● DIRECTIONS FOR THIS TASK:
Go through the listing below and retype exactly the lines starting at the one with "Tasse à café" and ending at the one with "Chambre - 9 m² - 1 pièce", skipping pictures.

● DATA SHOWN:

----

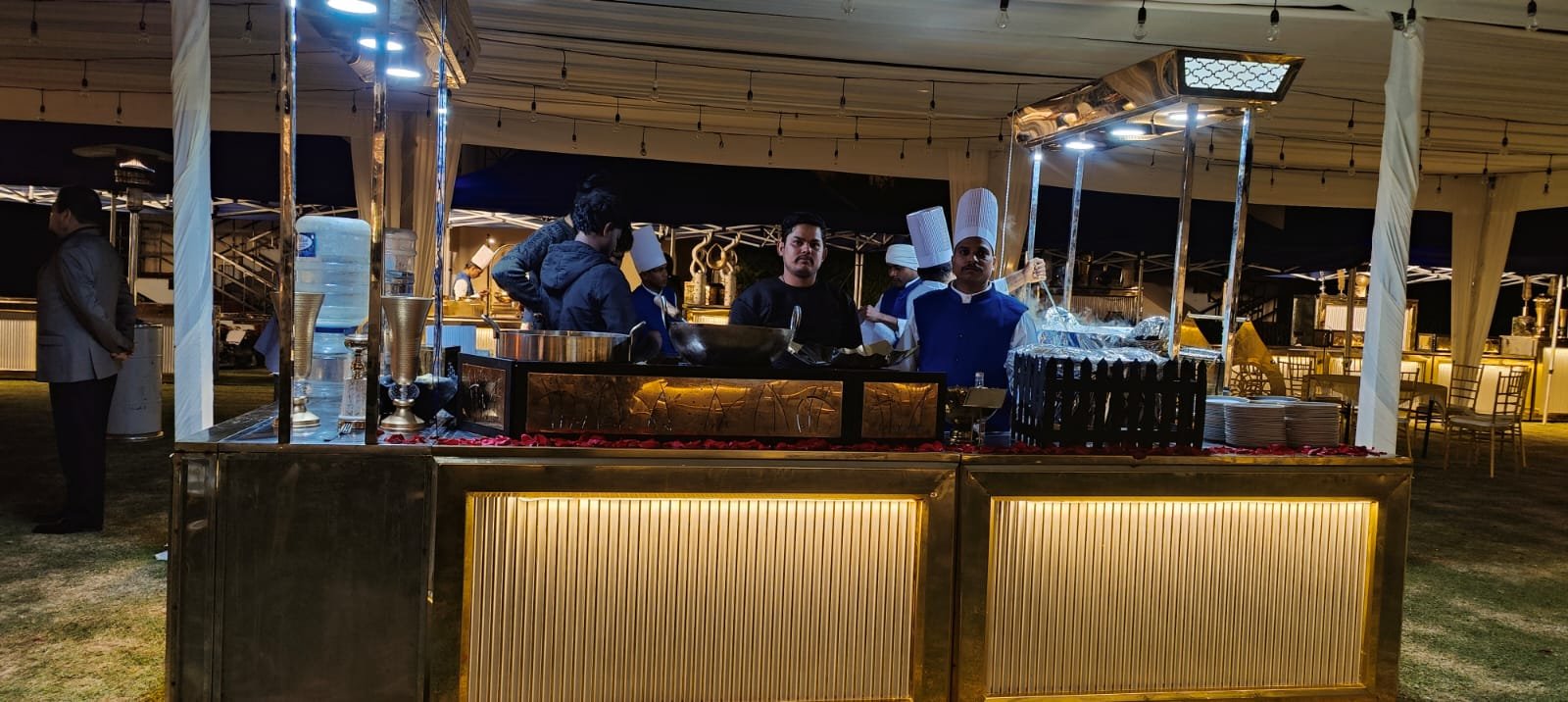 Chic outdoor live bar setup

----

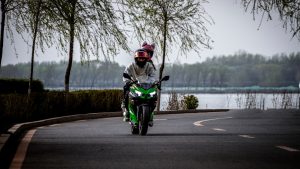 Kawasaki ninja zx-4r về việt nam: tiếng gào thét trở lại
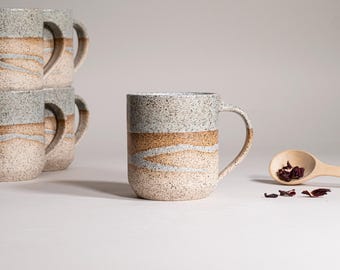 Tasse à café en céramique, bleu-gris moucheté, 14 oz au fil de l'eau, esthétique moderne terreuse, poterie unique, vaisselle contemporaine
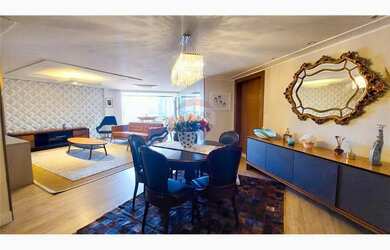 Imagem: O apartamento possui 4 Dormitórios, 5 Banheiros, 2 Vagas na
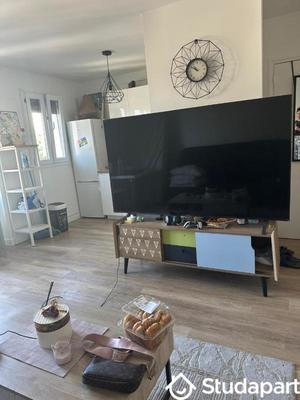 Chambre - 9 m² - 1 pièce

----

● SOLUTION TO THIS EXERCISE:
 Tasse à café en céramique, bleu-gris moucheté, 14 oz au fil de l'eau, esthétique moderne terreuse, poterie unique, vaisselle contemporaine
 Imagem: O apartamento possui 4 Dormitórios, 5 Banheiros, 2 Vagas na
 Chambre - 9 m² - 1 pièce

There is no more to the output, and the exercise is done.